BEGIN Data section

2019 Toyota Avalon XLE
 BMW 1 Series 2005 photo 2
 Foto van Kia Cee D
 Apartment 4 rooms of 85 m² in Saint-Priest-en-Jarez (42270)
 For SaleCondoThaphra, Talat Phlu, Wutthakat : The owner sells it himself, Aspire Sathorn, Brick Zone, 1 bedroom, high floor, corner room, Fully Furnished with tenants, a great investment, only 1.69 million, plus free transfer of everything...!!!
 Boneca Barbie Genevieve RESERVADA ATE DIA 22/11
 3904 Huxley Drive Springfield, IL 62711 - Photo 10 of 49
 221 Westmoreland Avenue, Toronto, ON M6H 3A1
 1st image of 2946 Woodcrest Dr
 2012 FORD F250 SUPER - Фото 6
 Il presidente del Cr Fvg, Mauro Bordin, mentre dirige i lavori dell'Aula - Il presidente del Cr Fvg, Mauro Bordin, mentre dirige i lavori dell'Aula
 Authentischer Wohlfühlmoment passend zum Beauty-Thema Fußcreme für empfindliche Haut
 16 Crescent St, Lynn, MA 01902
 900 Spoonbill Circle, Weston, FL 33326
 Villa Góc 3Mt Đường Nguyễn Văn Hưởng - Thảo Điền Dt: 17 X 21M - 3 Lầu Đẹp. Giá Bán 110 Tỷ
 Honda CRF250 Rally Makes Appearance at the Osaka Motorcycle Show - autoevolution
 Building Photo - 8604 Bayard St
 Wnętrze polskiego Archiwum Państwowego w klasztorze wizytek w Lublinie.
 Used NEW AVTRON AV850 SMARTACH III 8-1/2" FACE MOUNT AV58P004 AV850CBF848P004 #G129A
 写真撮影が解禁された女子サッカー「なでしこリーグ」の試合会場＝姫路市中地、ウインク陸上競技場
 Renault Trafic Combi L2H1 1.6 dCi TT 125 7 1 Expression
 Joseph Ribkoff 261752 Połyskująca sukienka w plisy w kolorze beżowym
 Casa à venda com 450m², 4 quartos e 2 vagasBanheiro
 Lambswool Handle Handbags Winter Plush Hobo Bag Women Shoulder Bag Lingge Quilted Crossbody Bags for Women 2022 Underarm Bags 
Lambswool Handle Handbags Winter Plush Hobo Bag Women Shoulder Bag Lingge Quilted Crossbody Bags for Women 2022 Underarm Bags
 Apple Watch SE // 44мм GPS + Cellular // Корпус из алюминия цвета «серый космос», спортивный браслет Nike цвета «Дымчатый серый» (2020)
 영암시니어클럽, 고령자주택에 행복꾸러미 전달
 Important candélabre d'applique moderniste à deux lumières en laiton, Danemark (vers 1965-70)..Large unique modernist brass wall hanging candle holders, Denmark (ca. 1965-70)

END Data section

**Assignment**. Reproduce exactly the lines from the beginning of the entries above up to and including the line that contains "Boneca Barbie Genevieve".

**Completed task**.
2019 Toyota Avalon XLE
 BMW 1 Series 2005 photo 2
 Foto van Kia Cee D
 Apartment 4 rooms of 85 m² in Saint-Priest-en-Jarez (42270)
 For SaleCondoThaphra, Talat Phlu, Wutthakat : The owner sells it himself, Aspire Sathorn, Brick Zone, 1 bedroom, high floor, corner room, Fully Furnished with tenants, a great investment, only 1.69 million, plus free transfer of everything...!!!
 Boneca Barbie Genevieve RESERVADA ATE DIA 22/11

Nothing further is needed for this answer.